Role of Lewis acidity and optimum contribution of cobalt and iron on the adsorption and electrochemical reduction of N2 to NH3

Electrocatalytic nitrogen reduction reaction (NRR) under ambient conditions is expected to be an environment-friendly and sustainable pathway for ammonia production. However, the low conversion rate and poor Faradaic efficiency of ammonia production attributed to the difficulty in N₂ adsorption, NN bond activation and concurrent hydrogen evolution reaction (HER) in aqueous electrolyte medium, inhibit its practical applications. Hence, development of robust and efficient electrocatalyst is highly desirable. In this work, designing N₂ reduction catalyst is purely based on assembling metal atoms of different N₂ adsorption affinities, in the form of bimetallic borate. In addition, N₂ being Lewis base can preferentially adsorb on the Lewis acid boron over H⁺ in acidic medium and suppress HER. To test this hypothesis, a bimetallic cobalt iron borate (CoFeBO) is designed in the form of nanoflakes using high energy ball-milling method. The electrocatalytic N₂ reduction is carried out in a H-cell fitted with proton exchange nafion-211 membrane using 0.05 M H₂SO₄ aqueous electrolyte. After the electrocatalytic N₂ reduction, the resultant NH₄⁺ ion concentration in the electrolyte is quantitatively analysed with the help of indophenol-blue method.
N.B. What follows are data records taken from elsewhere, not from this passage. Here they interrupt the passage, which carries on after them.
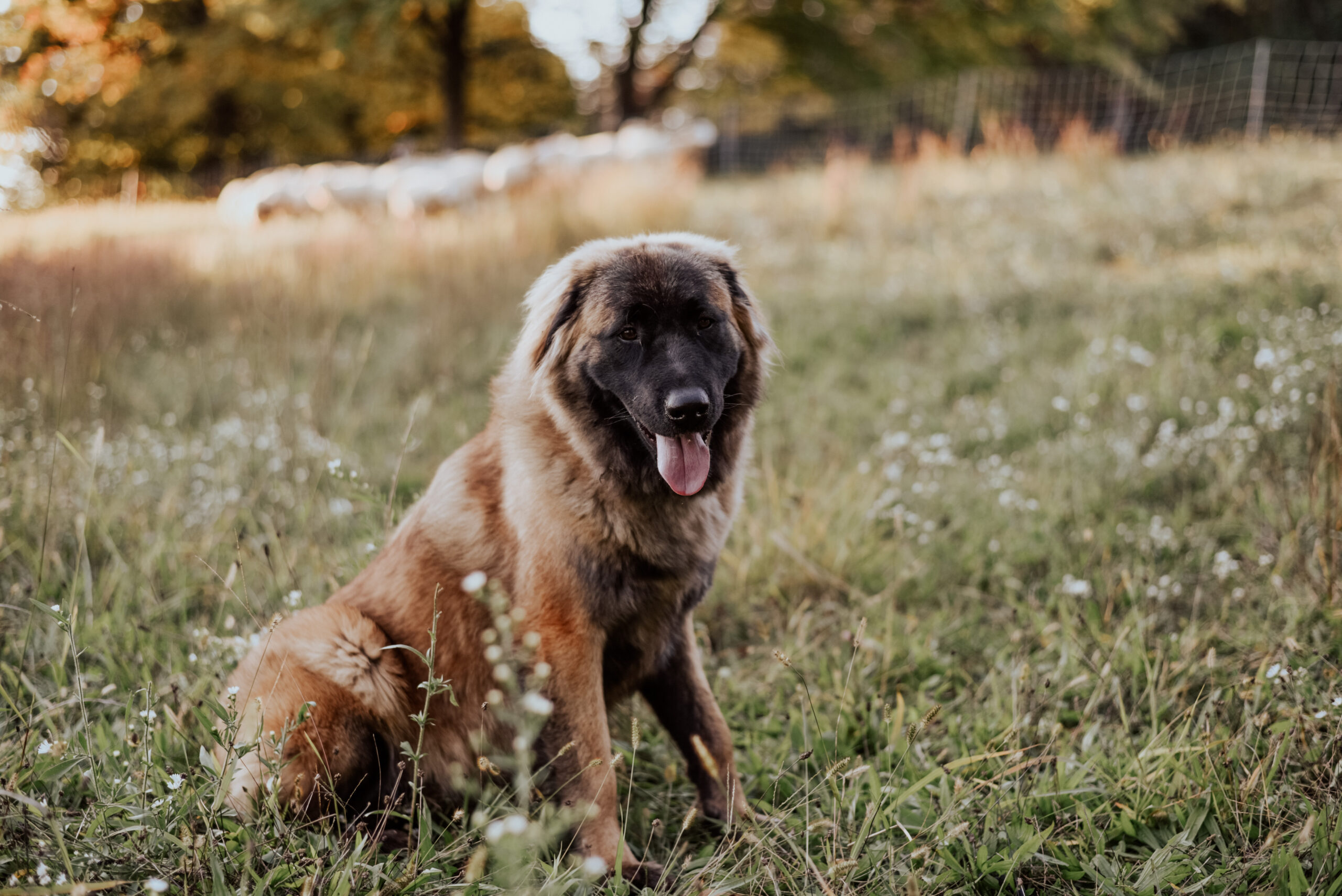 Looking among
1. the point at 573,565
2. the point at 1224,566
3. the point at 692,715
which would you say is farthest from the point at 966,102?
the point at 573,565

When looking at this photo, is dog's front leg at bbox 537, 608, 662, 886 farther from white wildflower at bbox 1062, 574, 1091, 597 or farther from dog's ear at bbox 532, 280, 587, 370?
white wildflower at bbox 1062, 574, 1091, 597

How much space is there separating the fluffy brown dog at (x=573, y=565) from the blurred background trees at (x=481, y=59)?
15069 millimetres

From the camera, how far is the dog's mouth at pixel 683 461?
7.00ft

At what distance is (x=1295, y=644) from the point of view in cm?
200

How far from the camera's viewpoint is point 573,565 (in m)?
2.09

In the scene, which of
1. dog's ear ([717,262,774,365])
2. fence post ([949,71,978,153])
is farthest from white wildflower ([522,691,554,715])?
fence post ([949,71,978,153])

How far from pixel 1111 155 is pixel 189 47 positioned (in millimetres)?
21847

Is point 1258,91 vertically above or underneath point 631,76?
underneath

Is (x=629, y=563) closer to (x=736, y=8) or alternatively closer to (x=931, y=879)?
(x=931, y=879)

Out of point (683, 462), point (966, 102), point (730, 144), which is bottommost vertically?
point (683, 462)

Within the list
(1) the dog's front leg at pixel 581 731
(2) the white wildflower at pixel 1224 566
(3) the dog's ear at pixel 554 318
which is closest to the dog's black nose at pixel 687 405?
(3) the dog's ear at pixel 554 318

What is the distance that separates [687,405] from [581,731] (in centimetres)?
88

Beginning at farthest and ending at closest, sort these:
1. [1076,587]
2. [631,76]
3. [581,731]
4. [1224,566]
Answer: [631,76]
[1224,566]
[1076,587]
[581,731]

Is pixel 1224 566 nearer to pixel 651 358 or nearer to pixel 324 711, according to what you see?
pixel 651 358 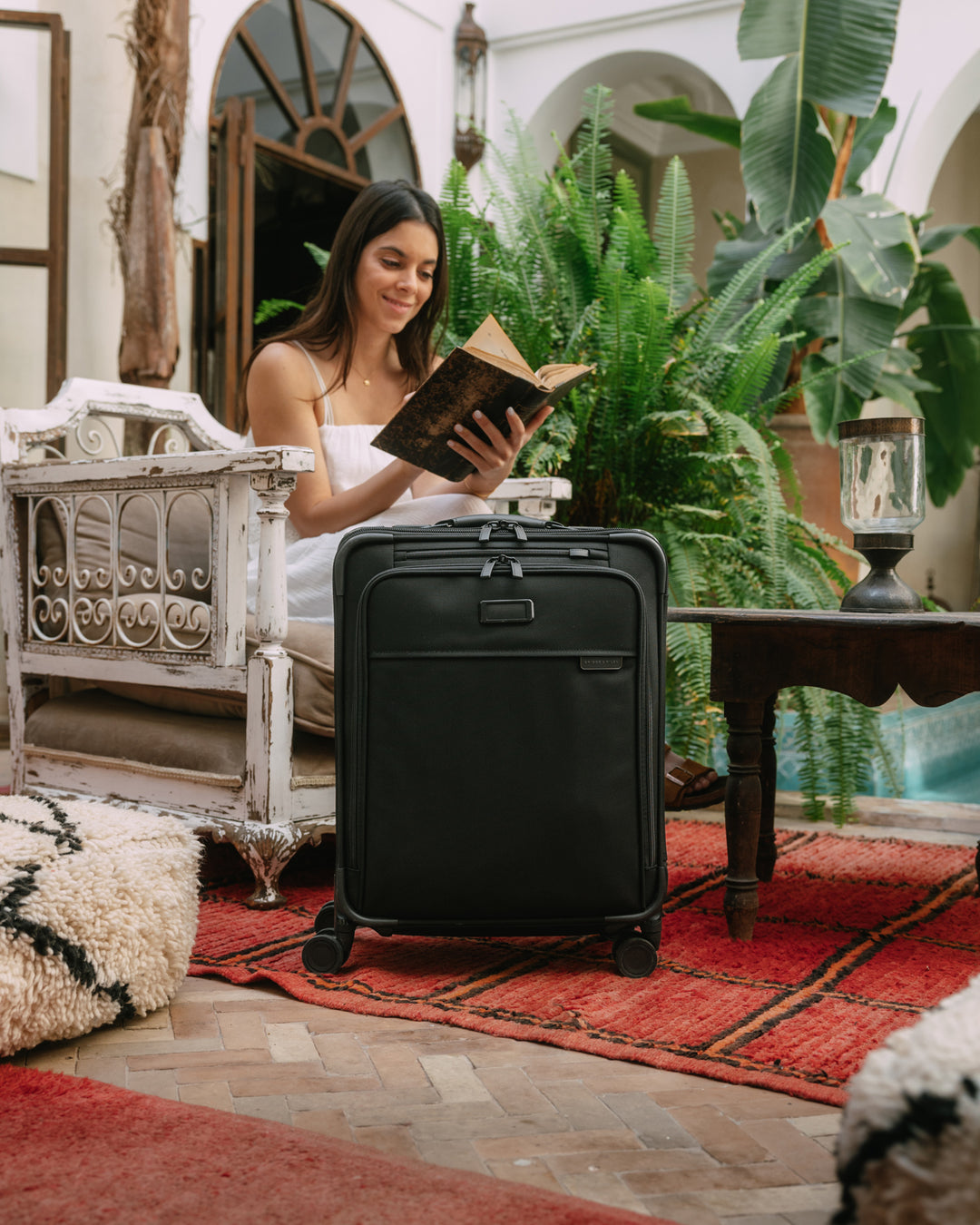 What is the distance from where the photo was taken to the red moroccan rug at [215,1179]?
2.78 feet

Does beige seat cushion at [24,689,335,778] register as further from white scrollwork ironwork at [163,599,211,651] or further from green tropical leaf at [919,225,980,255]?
green tropical leaf at [919,225,980,255]

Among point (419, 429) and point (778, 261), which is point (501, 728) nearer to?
point (419, 429)

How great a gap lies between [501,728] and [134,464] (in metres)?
0.93

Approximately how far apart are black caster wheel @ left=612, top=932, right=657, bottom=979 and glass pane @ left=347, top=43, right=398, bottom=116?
4139 mm

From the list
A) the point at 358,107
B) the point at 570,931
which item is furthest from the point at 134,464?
the point at 358,107

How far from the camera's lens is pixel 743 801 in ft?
5.19

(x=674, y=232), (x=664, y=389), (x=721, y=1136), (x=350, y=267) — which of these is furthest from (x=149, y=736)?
(x=674, y=232)

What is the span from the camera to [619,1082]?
1.14 meters

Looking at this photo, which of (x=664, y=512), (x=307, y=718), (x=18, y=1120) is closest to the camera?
(x=18, y=1120)

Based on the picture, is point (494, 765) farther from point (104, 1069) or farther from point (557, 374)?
point (557, 374)

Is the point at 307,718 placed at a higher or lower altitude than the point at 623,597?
lower

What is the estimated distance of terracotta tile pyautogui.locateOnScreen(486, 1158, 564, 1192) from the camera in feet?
3.06

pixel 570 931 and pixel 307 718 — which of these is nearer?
pixel 570 931

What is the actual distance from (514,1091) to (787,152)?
340 centimetres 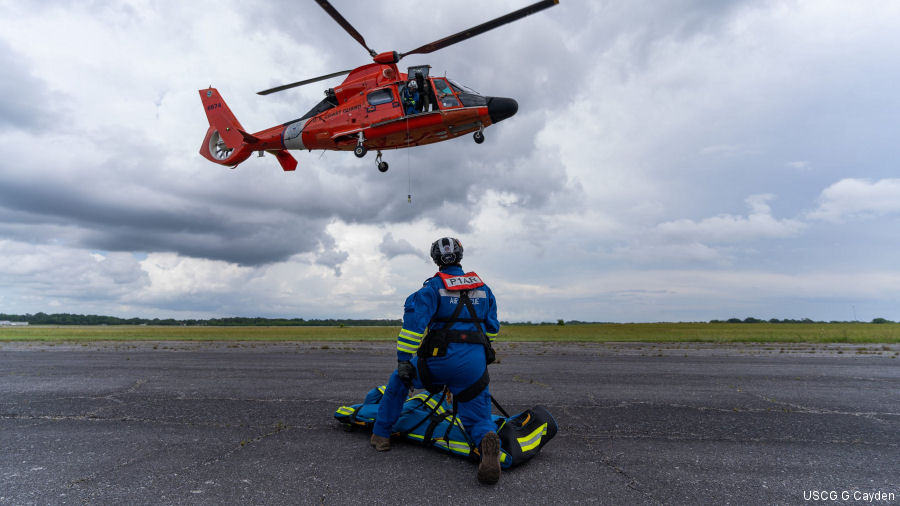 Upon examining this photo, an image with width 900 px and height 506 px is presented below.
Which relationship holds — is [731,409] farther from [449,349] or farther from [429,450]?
[449,349]

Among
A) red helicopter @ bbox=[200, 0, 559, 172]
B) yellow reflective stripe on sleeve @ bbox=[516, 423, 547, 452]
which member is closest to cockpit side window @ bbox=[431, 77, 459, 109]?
red helicopter @ bbox=[200, 0, 559, 172]

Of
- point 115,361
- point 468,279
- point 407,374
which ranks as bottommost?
point 115,361

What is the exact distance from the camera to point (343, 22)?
12781mm

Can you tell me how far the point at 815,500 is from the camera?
3.43m

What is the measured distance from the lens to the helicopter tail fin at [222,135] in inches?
692

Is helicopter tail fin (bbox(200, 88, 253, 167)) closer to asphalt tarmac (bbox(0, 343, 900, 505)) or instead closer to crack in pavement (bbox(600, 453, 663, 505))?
asphalt tarmac (bbox(0, 343, 900, 505))

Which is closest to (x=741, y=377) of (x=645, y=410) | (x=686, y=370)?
(x=686, y=370)

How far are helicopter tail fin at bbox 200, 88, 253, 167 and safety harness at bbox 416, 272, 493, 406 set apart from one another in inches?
607

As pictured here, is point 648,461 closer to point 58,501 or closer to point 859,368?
point 58,501

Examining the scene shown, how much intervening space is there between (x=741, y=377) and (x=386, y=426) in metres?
9.35

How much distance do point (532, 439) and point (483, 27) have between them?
439 inches

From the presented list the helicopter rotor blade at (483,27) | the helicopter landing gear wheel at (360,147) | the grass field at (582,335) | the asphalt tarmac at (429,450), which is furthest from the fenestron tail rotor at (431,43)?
the grass field at (582,335)

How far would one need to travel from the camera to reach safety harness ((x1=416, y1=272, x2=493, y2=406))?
430 centimetres

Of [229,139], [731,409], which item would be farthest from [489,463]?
[229,139] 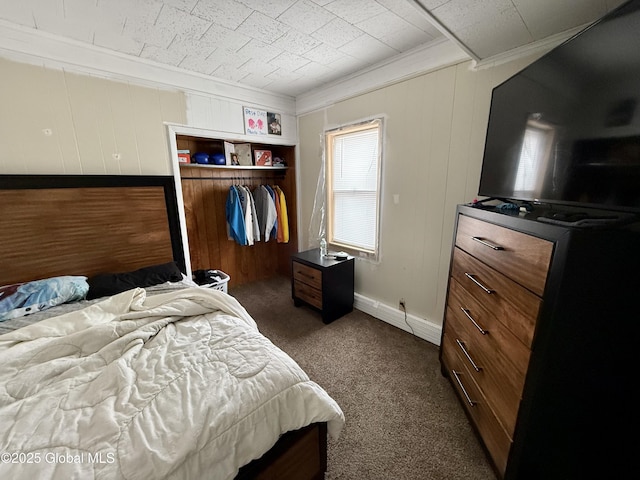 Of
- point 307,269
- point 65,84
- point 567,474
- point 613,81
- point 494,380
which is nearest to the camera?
point 613,81

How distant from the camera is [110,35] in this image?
1.69m

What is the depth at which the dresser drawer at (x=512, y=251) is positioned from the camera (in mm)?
882

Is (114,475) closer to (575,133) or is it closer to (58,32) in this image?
Answer: (575,133)

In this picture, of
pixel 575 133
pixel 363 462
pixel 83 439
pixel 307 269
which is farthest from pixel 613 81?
pixel 307 269

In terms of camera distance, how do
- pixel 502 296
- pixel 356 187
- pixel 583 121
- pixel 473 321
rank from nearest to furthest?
pixel 583 121 < pixel 502 296 < pixel 473 321 < pixel 356 187

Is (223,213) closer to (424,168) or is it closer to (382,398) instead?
(424,168)

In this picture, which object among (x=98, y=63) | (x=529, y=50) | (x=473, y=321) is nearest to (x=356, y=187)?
(x=529, y=50)

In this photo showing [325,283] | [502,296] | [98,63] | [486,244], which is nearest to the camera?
[502,296]

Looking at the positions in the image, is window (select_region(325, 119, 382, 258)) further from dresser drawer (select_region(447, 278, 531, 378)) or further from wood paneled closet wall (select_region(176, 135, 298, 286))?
dresser drawer (select_region(447, 278, 531, 378))

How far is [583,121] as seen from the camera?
0.94m

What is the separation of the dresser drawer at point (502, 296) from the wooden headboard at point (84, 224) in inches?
94.9

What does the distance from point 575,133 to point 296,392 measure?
1443 mm

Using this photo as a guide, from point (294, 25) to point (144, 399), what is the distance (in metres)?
2.09

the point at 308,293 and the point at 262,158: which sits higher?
the point at 262,158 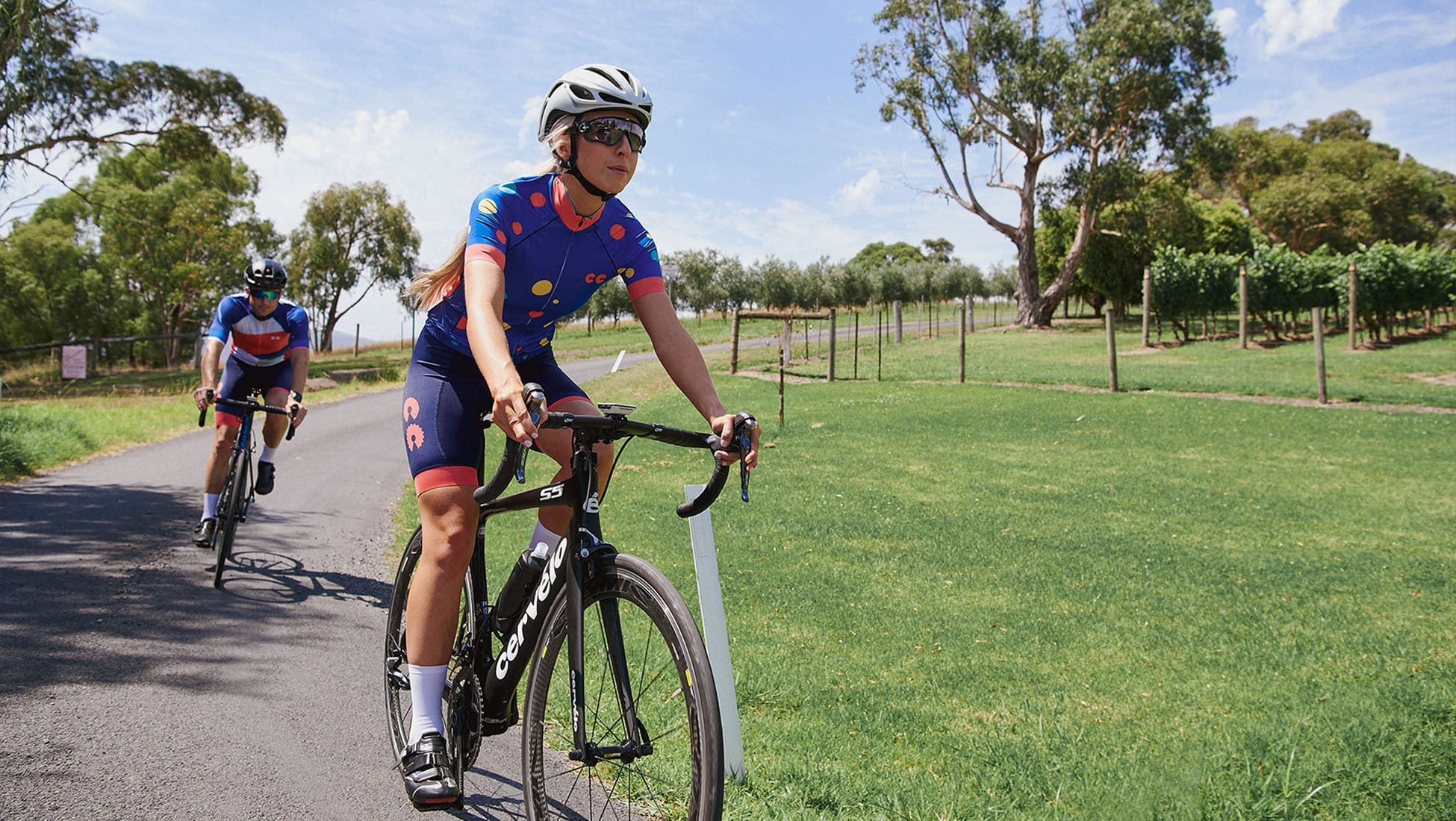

As synthesised CoFeBO nanoflakes show NH₃ yield of 11.2 μg h⁻¹ cm⁻² with significant faradic efficiency of 47.8 % at +0.05 V vs RHE. The DFT calculations show that NRR mechanism favours the associative alternating pathway. It is concluded that the cobalt-site in CoFeBO catalyst offers the least energy barrier of 0.85 eV for hydrogenation of nitrogen atoms.